It depends which Padder product you’re using.

Padder Guarantor: does NOT replace your Last Month’s Rent (LMR) deposit

  • It’s a contractual liability insurance policy that acts as your guarantor to help your landlord feel comfortable approving your application.
  • Padder Guarantor protects your landlord for unpaid base rent and certain default scenarios (up to the policy limits).
  • You may still be required to pay a traditional LMR deposit to your landlord, if that’s their standard practice and allowed by local law.

Padder Deposit: DOES replace your Last Month’s Rent (LMR) deposit

Padder Deposit is specifically designed to replace a traditional Last Month’s Rent deposit where the landlord has enabled it for the building. This lowers your barrier to entry while providing insurance protection for your landlord if you default on your last month's rent payment. 

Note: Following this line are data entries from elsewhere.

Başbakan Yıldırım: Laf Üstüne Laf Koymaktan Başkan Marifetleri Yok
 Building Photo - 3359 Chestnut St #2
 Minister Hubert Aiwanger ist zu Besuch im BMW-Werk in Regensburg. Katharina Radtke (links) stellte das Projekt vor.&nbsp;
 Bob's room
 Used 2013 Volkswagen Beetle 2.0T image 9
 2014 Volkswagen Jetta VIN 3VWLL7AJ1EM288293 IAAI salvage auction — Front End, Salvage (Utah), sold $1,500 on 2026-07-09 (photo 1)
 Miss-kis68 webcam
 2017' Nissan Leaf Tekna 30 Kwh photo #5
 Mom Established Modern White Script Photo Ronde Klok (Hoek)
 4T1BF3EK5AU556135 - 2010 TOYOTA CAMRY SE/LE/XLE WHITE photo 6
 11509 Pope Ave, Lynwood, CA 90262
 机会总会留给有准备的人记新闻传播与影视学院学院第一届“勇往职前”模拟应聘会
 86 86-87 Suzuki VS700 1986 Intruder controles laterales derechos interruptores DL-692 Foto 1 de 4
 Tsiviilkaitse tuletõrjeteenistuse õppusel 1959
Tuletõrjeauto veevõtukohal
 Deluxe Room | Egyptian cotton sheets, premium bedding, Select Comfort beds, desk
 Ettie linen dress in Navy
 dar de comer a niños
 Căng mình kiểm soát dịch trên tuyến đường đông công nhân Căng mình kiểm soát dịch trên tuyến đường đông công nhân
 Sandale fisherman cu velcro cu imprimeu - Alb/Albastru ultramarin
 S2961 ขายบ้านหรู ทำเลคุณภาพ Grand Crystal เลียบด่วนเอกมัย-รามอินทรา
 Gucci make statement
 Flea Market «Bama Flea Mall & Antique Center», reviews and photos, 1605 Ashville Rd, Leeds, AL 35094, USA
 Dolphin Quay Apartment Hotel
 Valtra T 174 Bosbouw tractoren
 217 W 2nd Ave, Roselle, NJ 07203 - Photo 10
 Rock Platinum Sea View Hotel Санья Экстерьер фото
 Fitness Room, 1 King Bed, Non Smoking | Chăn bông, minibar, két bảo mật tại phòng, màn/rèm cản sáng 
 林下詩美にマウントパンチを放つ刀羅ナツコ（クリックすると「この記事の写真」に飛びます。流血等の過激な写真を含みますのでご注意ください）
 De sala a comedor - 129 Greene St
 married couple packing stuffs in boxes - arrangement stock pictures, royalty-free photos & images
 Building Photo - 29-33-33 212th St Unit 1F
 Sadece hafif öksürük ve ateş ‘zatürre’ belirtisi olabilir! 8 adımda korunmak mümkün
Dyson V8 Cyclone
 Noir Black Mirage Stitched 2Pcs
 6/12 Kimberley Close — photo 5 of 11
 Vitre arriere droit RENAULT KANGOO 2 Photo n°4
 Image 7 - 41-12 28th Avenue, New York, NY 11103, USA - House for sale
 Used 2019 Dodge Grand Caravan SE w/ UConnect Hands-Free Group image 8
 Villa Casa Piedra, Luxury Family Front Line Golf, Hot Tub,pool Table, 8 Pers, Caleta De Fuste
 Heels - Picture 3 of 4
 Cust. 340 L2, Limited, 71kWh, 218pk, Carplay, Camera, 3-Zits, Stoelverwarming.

In those eligible properties:

  • Your landlord does not collect a LMR deposit from you.
  • Instead, you pay a smaller one-time Padder Deposit premium.
  • Padder then protects your landlord for your last month’s base rent only if you move out without paying it.
  • The policy stays in effect for the length of your tenancy, including if your lease moves to month-to-month, until you move out.

You still:

  • Pay all your regular monthly rent, including your final month.
  • Are required to repay Padder if Padder pays your landlord for that unpaid last month’s rent (subject to the policy terms and conditions).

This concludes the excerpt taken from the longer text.